The layout visible today around the spring already existed in 1732, when the consuls of Tartonne awarded a repair contract to Honoré Giraud, a mason from Clumanc. Giraud was to demolish and rebuild the north and west walls identically, raise all the walls to reduce the slope, render them and cover the building in stone. Achard’s dictionary, published in 1788, describes the salt spring as a well containing a large wooden tank and fitted with two locks, the keys to which were kept by the consuls of Tartonne and the farmers of the royal gabelle. The well filled up within 24 hours, and water was distributed to the inhabitants every 8 days in summer and every 15 days in winter. The abolition of the royal monopoly put an end to this practice. The cadastral map of 1837 shows a small public building in the bed of the Salaou torrent, bordered on the south by a dike.

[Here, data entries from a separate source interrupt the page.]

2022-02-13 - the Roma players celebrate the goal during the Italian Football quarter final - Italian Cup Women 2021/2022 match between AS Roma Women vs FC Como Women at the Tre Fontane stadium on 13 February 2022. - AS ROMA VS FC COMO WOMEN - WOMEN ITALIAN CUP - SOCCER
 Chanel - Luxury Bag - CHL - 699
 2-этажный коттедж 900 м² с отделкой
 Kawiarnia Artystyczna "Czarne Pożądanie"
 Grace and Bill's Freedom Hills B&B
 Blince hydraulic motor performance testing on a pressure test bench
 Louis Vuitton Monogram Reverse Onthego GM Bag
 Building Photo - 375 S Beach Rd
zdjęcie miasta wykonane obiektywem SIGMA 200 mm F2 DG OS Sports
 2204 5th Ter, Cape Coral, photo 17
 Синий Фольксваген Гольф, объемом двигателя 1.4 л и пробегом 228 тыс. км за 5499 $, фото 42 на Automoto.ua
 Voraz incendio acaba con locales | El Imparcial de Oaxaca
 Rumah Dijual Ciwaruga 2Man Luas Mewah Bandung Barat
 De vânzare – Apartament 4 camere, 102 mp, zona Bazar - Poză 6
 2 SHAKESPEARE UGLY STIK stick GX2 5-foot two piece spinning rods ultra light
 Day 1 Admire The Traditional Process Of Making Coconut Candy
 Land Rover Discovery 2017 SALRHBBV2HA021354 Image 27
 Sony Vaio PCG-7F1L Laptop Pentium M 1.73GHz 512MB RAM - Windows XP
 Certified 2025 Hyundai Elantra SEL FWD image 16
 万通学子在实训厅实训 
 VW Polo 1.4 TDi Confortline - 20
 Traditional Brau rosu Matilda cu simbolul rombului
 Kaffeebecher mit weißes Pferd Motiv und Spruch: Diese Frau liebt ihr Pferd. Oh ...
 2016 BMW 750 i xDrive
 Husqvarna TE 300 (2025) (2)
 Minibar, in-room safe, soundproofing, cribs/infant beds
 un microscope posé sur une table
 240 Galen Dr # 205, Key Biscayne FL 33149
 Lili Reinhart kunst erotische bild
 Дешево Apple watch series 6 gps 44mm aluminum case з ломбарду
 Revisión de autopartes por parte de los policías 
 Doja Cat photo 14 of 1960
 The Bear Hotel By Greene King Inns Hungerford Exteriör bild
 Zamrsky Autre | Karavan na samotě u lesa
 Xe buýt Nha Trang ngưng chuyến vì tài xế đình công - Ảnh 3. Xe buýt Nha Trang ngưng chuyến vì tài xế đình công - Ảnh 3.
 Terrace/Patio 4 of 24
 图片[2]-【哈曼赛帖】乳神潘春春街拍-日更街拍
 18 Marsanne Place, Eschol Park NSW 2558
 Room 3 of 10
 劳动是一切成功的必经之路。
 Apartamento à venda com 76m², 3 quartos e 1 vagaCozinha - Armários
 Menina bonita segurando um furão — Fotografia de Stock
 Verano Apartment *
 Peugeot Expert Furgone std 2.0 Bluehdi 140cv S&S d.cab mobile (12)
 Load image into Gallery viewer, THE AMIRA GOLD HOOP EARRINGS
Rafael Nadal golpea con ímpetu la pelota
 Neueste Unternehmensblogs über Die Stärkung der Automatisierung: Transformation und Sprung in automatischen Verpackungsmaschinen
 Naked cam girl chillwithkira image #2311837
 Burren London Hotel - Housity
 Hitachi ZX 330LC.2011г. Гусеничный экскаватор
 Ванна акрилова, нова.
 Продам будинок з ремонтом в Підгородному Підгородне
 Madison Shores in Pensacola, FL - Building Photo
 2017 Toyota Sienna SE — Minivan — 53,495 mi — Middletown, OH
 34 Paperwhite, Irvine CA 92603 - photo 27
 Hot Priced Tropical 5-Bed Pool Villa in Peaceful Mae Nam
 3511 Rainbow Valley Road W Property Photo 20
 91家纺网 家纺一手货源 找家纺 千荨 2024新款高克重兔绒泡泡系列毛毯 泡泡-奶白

The aedicula, which was restored after its inscription in 1993, is now preserved only as a curiosity and a testimony to the past.
The well, with its square plank formwork, is housed in a small, square, barrel-vaulted building with no roof. The rough rubble block elevations are blind, except on the south side, where a door with monolithic lintel and an opening for the monoxyle pipe used as an overflow open up. Very close to the bed of the Salaou torrent, the well is protected from flooding by an earth embankment faced with rough rubble.